Short text fragments from websites
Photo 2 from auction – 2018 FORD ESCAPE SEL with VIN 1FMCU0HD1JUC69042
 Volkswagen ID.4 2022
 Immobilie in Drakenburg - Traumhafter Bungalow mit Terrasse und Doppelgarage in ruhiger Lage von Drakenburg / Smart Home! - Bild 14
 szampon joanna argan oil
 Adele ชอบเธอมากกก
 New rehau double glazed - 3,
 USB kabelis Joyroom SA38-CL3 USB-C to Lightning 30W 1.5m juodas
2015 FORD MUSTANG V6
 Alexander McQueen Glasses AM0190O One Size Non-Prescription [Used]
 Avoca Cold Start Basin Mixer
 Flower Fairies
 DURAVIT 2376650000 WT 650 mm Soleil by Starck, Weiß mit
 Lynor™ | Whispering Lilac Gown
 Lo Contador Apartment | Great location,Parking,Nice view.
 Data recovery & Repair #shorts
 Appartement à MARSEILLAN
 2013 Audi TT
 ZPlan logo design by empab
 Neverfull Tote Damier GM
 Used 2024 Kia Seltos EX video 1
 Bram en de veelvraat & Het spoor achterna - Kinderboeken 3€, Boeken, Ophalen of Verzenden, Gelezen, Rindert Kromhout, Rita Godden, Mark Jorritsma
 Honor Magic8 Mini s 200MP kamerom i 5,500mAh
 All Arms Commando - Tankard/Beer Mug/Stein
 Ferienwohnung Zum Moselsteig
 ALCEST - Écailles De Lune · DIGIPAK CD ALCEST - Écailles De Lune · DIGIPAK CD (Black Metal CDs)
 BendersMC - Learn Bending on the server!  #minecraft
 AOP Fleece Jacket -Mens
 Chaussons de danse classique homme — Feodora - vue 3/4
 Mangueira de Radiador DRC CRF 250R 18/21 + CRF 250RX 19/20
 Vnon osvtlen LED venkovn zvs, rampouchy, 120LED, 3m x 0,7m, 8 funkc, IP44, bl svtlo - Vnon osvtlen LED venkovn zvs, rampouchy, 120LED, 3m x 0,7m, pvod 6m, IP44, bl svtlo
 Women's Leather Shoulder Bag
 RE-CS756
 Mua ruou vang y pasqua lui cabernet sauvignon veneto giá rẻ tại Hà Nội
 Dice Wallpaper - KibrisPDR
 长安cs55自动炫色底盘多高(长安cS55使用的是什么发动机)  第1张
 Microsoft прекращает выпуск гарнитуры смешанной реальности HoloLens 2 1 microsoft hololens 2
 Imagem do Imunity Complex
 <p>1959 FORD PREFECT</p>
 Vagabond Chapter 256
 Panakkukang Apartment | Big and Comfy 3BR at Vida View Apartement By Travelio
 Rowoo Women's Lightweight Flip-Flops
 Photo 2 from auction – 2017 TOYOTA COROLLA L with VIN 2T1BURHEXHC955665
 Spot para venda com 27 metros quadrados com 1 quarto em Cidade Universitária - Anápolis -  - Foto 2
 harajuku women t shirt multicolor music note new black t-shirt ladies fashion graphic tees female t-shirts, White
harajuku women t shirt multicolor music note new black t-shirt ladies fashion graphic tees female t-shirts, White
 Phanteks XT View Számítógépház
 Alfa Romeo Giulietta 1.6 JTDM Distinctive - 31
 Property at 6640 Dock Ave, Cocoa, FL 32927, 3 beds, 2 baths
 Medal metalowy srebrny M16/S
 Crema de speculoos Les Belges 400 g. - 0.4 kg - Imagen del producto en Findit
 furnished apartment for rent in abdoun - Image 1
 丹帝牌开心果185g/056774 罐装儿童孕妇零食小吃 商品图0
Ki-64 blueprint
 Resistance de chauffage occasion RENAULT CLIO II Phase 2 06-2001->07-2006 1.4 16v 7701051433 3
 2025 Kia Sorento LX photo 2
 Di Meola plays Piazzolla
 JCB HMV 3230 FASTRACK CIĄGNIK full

◆ Task brief:
Pick out all lines from the data above in which the word "Used" appears.

◆ Answer for the task:
 Alexander McQueen Glasses AM0190O One Size Non-Prescription [Used]
 Used 2024 Kia Seltos EX video 1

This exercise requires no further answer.